Beyond the orientalism that is brought into discussions of the aesthetics of the text of “Der Abschied” and the other songs in the cycle, its text is the product of a German poet whose work attracted the attention of Mahler. And Mahler, in turn, revised the text to suit his needs. Those who take the time to compare the source with Mahler’s poetry may find that the composer shaped some of the more memorable passages of the text, which he then used in setting the music. This is, in a sense, one of the more heightened examples of romanticism because of Mahler’s thorough absorption with the material he used as his point of inspiration, and it is, perhaps this very involvement that allowed him to create a piece that stands apart from any commentaries and succeeds in various interpretations through its continuing relevance to audiences.

As part of Ideale-Internationale’s series of Juxtapositions, this DVD makes available two related films that reflect the reception of Mahler’s music by such a noted filmmaker as Frank Scheffer.
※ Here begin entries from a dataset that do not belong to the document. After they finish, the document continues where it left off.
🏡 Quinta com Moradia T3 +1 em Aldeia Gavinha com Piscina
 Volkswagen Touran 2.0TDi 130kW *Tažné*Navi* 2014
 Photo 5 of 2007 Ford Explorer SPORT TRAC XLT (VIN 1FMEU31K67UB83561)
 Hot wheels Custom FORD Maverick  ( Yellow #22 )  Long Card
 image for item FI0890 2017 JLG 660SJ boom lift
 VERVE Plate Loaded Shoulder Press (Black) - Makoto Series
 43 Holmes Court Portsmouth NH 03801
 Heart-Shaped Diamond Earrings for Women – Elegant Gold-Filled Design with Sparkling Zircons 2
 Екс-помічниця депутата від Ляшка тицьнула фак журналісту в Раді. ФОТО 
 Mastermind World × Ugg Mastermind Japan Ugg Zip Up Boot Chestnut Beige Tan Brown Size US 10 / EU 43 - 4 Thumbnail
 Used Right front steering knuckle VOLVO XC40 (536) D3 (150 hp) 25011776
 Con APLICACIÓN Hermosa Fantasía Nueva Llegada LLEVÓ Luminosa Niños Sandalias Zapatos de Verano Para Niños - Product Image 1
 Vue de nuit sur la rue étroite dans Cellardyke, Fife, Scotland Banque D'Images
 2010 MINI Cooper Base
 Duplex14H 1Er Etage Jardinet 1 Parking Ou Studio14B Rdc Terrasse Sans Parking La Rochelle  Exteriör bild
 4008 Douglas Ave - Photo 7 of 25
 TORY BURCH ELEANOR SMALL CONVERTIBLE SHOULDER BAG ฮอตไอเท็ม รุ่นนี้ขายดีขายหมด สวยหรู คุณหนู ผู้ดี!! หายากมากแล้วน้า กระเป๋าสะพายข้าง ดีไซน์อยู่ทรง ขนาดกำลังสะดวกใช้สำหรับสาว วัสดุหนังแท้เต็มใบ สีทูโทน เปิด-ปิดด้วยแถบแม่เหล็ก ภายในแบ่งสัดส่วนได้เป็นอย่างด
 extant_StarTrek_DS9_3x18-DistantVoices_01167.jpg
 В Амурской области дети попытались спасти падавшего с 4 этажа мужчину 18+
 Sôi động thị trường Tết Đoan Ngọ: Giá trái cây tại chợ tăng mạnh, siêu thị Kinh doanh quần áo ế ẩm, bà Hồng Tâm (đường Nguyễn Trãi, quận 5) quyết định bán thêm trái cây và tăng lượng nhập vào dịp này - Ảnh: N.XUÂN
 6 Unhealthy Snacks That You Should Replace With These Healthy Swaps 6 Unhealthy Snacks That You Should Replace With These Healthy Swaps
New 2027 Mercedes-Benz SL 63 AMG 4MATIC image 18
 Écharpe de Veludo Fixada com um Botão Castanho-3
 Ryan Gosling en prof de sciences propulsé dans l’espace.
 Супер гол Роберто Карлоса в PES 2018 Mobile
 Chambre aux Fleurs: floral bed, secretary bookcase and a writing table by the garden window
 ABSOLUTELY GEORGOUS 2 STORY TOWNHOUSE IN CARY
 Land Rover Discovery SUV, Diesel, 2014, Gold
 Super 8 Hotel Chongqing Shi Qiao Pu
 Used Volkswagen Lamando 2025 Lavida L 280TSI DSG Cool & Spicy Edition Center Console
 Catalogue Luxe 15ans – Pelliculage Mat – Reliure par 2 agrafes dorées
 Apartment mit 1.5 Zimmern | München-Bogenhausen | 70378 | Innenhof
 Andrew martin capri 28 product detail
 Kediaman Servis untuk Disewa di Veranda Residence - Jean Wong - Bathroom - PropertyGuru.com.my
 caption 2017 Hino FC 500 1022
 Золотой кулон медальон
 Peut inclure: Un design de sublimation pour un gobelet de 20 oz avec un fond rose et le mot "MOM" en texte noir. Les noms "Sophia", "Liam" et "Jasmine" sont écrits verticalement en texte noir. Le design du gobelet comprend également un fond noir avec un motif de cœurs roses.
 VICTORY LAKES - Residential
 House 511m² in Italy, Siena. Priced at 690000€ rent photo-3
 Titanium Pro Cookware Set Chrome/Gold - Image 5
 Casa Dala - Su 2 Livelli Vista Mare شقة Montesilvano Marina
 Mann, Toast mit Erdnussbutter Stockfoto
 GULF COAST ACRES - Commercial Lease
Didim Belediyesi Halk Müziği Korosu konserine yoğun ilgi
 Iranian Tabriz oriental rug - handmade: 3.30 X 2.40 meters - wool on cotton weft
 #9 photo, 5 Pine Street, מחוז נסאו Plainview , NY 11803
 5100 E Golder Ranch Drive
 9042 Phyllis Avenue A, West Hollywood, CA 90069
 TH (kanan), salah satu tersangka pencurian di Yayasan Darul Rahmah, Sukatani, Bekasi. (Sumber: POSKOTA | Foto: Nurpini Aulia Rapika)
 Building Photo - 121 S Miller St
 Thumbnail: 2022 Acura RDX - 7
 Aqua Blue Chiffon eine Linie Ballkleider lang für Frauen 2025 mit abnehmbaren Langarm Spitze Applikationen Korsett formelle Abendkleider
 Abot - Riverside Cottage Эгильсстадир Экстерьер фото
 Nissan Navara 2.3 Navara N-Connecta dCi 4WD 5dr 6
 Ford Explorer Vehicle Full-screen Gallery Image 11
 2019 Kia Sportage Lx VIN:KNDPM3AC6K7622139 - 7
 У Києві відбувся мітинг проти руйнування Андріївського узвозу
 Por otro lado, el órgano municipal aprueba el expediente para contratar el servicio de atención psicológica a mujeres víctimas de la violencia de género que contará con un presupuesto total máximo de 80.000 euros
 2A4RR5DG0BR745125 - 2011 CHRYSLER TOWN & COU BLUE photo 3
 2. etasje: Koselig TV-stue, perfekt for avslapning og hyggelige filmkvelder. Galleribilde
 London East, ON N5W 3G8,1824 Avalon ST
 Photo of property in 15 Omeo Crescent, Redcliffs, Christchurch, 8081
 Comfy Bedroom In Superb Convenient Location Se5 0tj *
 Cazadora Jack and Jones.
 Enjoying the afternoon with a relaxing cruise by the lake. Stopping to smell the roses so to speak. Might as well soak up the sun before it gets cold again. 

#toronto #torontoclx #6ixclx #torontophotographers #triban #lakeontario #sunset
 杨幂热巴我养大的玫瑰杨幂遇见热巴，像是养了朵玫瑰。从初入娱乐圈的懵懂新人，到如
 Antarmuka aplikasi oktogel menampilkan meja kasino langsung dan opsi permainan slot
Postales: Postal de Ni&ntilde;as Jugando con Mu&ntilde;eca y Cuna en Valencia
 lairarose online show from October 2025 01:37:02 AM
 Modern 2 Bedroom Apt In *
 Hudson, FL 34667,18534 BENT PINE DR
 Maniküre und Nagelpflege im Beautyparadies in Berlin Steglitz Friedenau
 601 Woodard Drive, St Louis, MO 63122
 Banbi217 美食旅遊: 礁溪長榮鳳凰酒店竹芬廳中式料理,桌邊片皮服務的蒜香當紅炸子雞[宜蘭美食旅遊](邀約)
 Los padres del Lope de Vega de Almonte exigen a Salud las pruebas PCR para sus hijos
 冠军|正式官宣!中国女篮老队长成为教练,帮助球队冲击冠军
In dealing with the performances surrounding a festival of the composer’s work that took place in 1995, Conducting Mahler preserves some aspects of the intensity of the performances and the personal stake each conductor has in interpreting the music. The other film, I Have Lost Touch with the World is connected to Chailly’s own departure from the Concertgebouw, and it was an opportunity to focus on the intriguing final works. Beyond the inevitable associations that are made between the music and Mahler’s life, the latter film offers some glimpses into the level of performance that Chailly brought to the Concertgebouw Orchestra. Split between the interview with La Grange and the rehearsals, the film offers various perspectives that may persuade viewers into spending time with either aspect of the video. In both cases, the personal dimension that Scheffer brings to his subject emerges clearer in the films, and it should help those interested in Mahler’s music to become immersed more deeply into it.